Modeling ourselves after men continues not to work
Apparently, I grew up in Corporate America. I was one of two children. My older brother received most of the parenting – he got much more guidance than I did on who to be and how to succeed. He received much more corrective feedback (for better and worse) than I did. I think my parents saw him as having greater potential than I and thus invested more heavily in him. Naturally, I wanted to be successful in my parents’ eyes. So I adopted the only guidance available – that which they gave my brother. I became all the things they wanted him to be: driven, achievement-oriented, competitive, sports-oriented and vocal.
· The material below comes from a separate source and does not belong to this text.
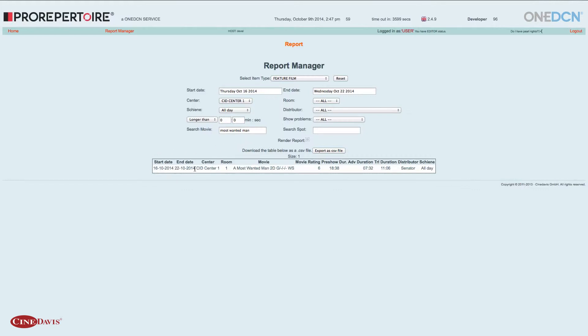Wir sehen den Start- und Endzeitraum für unser Programm. Ich sehe das Center, was ich ausgewählt habe. Ich bekomme die Information, dass im Saal 1 diese Vorstellung A Most Wanted Man 2D Deutsch vorgeführt wird.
Big mistake. An old family friend once confided in me. “Leslie, your parents always said that you weren’t the girl they wished you’d become. They always thought you were too tough and forthright.” But they had neglected to give me any input on how to succeed in their eyes as a girl. I had given up a lot of myself (maybe the best of myself) to conform to a male image of success, and it backfired. A long, hard slog to nowhere. Sound familiar?
The dynamic that existed in my family continues to exist in organizations today. In the absence of skilled and explicit feedback, women still model their behavior after men in order to succeed. And it continues to backfire: not because women can’t do male behavior, but because it’s not what organizations want or expect from women. Like it or not.
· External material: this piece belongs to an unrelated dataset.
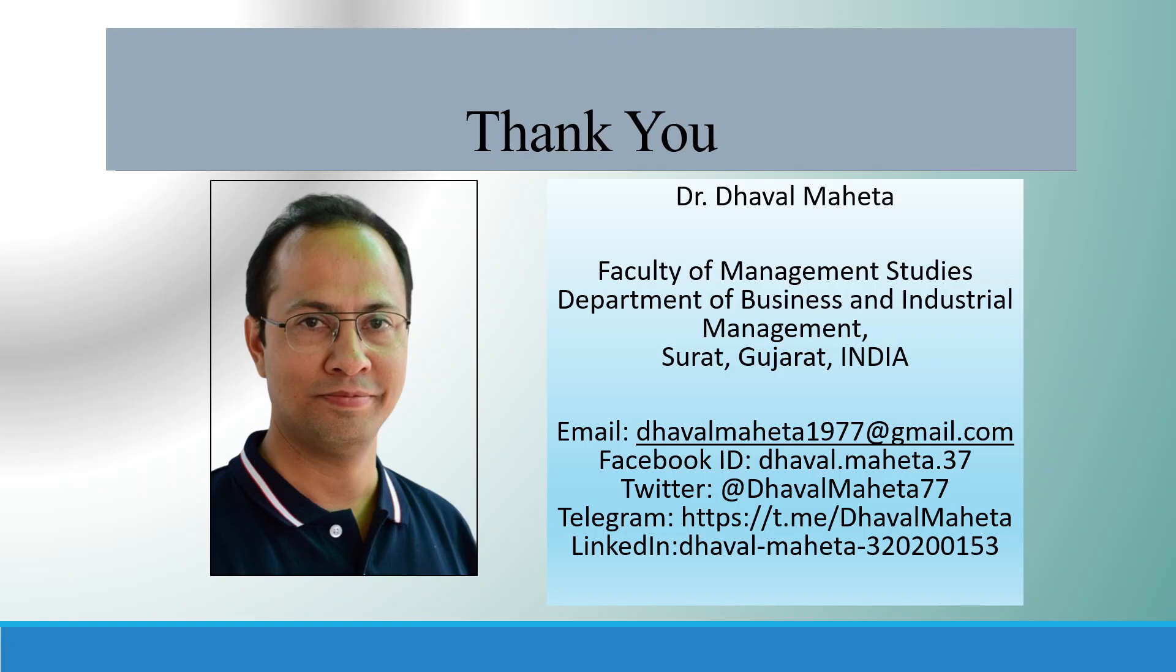For more videos on SPSS, kindly subscribe to my channel. You can see my playlist in which I have already uploaded many videos of SPSS. Please, don't forget to press the like button. You can also follow me on LinkedIn and Twitter.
One of the current truisms in corporate life is that women are paid less than men because they don’t negotiate as well as men. So the follow-on conclusion is that women need to negotiate more aggressively for promotions and pay increases, because that’s what works (for men).
God bless research. Catalyst, one of the premier research organizations on women in the workplace, has found that, in fact, women DO ask and negotiate for what they want – and that it has little positive effect on their careers. In their recent book, The Myth of the Ideal Worker: Does Doing All the Right Things Really Get Women Ahead? Catalyst discovered that men tend to be rewarded for perceived potential (just as my brother – and probably your brother – was). So men’s career success comes from changing organizations often and negotiating hard at each move. What seems to get women ahead is proven performance. So the key to women’s success (using promotion and pay as metrics) seems to be staying with an employer, accumulating achievements, and letting those achievements be known. Proactive negotiation had very little positive impact on women’s success, just as the broadcasting of achievements had little impact on men’s success.
Myth by busted myth, we continue to learn that women’s path to success is different from men’s. We can rail against it or we can embrace it. Does it make me mad that the rules are different for men and women? Yes. Do I fear that ‘different’ expectations can too easily equate to lower expectations? Yes. But I think there is also tremendous hope in these findings. They invite women to shed a male model of success and claim their own path. At the same time, these findings also invite organizations to examine their different ways of relating to men and women and to root out conscious and unconscious inequities.